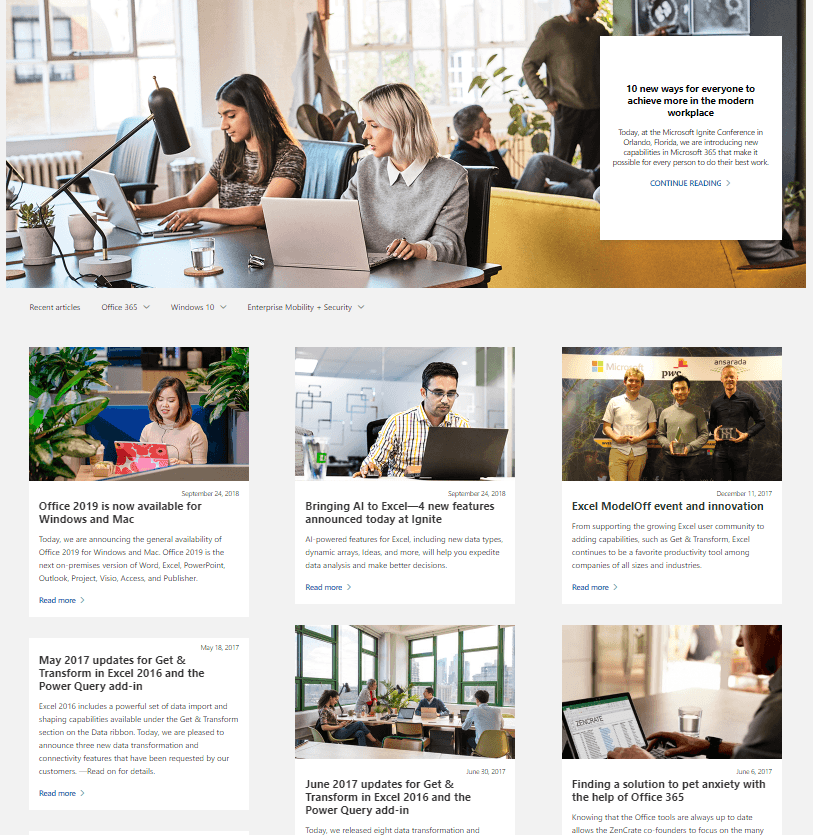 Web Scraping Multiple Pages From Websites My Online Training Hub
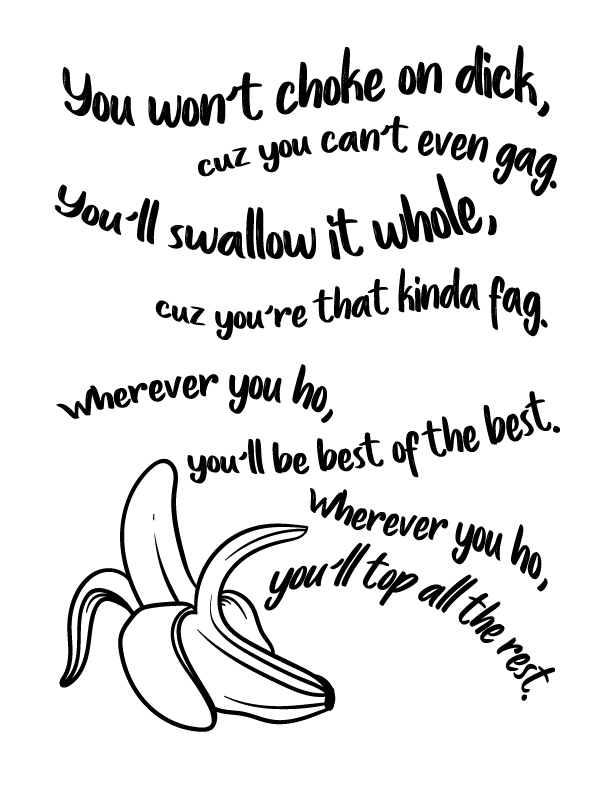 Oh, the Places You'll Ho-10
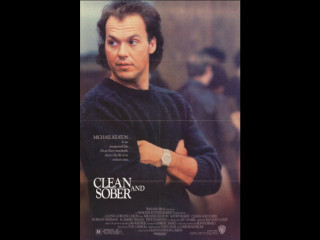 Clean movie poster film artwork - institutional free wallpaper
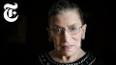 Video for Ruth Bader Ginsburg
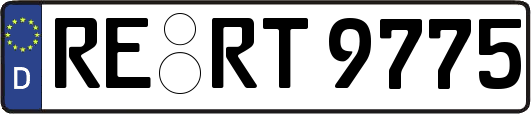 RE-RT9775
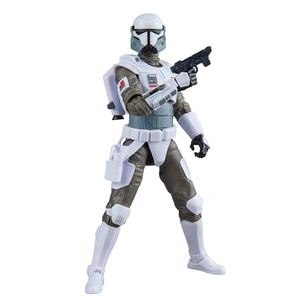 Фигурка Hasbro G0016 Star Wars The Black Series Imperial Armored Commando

--

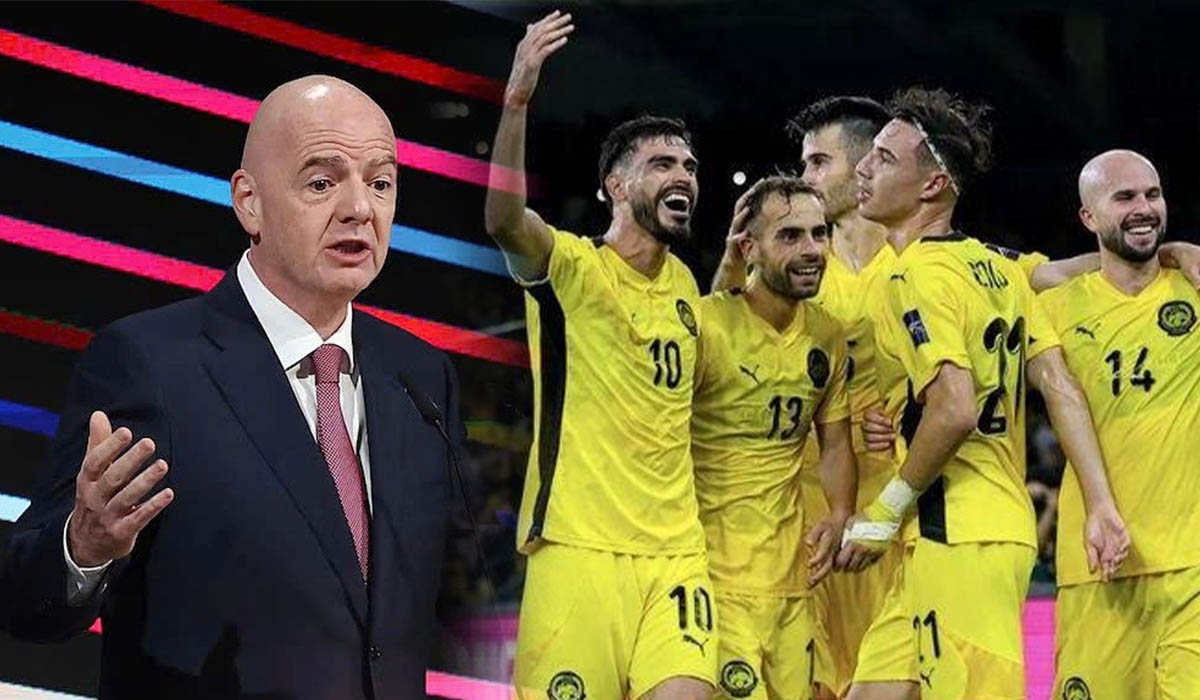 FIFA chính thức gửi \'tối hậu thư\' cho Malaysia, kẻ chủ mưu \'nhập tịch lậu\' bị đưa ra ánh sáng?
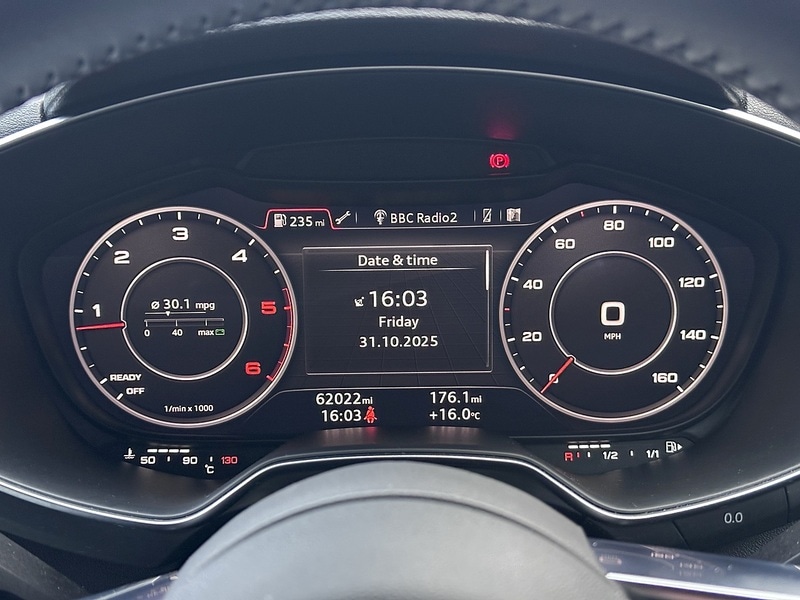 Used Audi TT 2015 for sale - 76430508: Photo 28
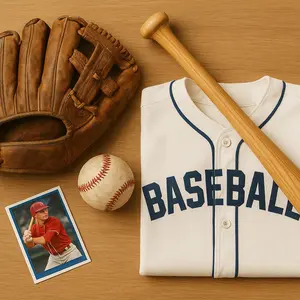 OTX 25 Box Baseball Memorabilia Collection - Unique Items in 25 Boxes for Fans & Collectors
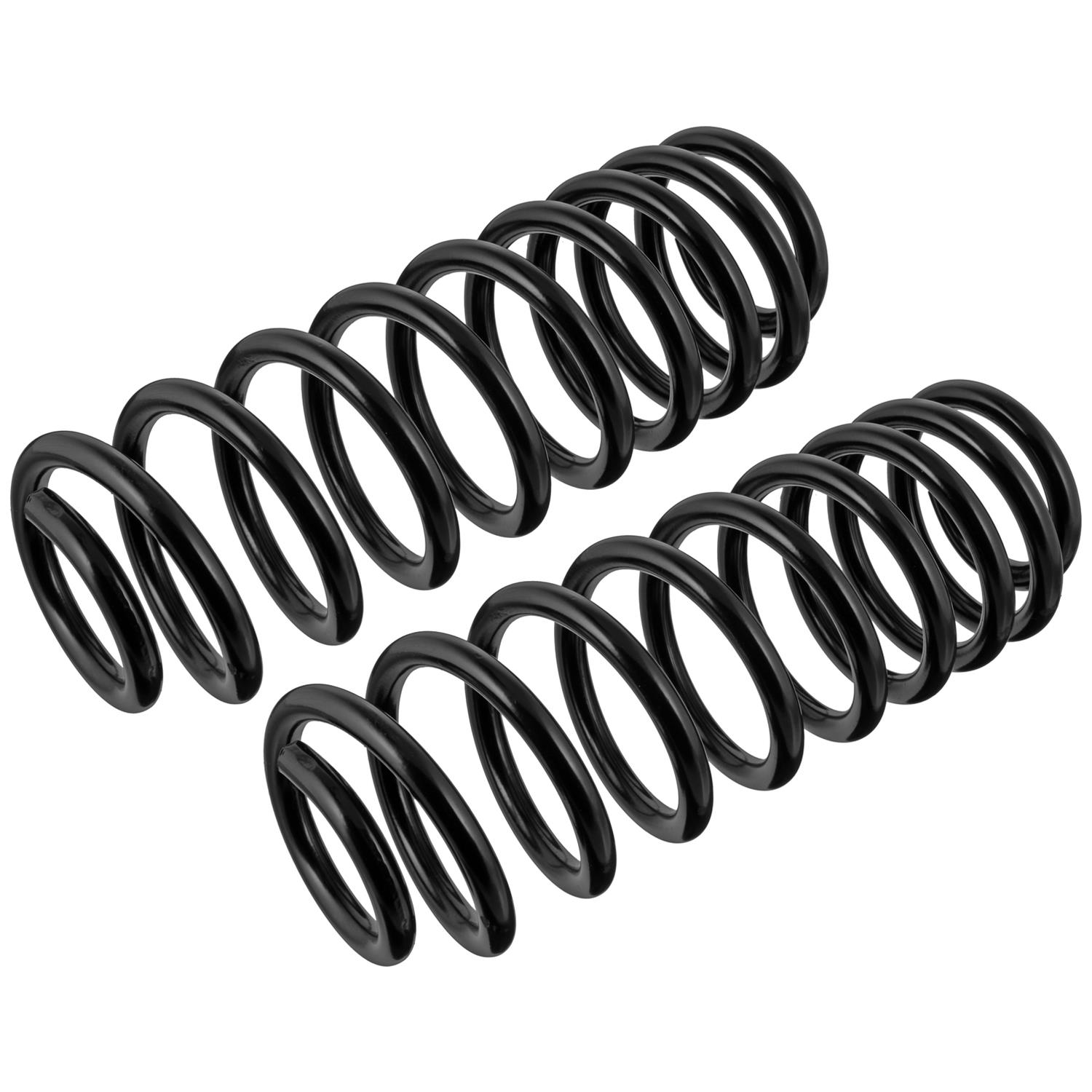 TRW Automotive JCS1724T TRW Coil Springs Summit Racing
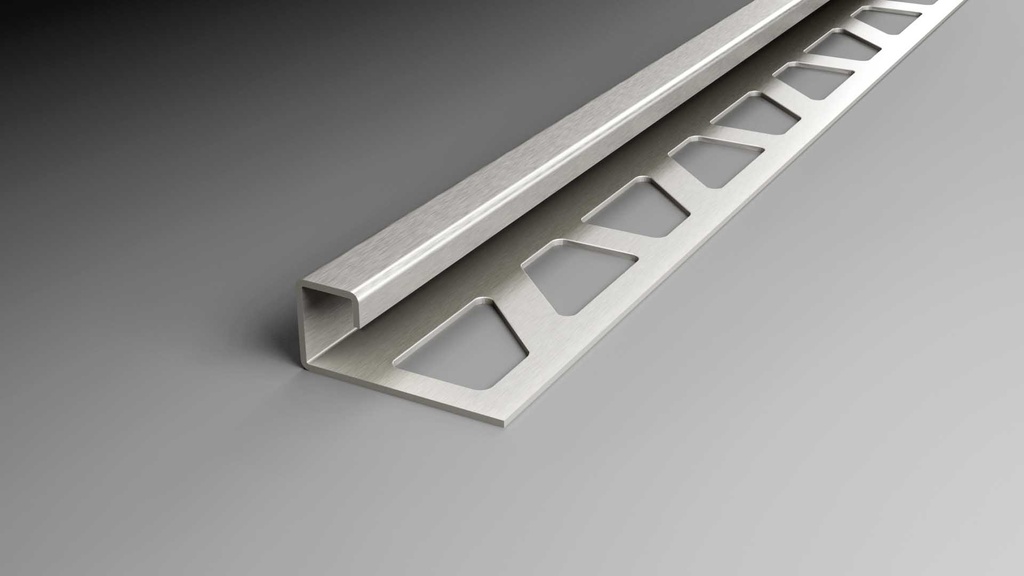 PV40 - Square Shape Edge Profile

--

* [WHAT TO PRODUCE]: Nothing but the lines from the one with "TRW Automotive JCS1724T" up to and including the one with "PV40 - Square Shape Edge Profile" should be printed, exactly as they read above. Please keep the pictures out.

* [RESPONSE TO THE TASK]:
 TRW Automotive JCS1724T TRW Coil Springs Summit Racing
 PV40 - Square Shape Edge Profile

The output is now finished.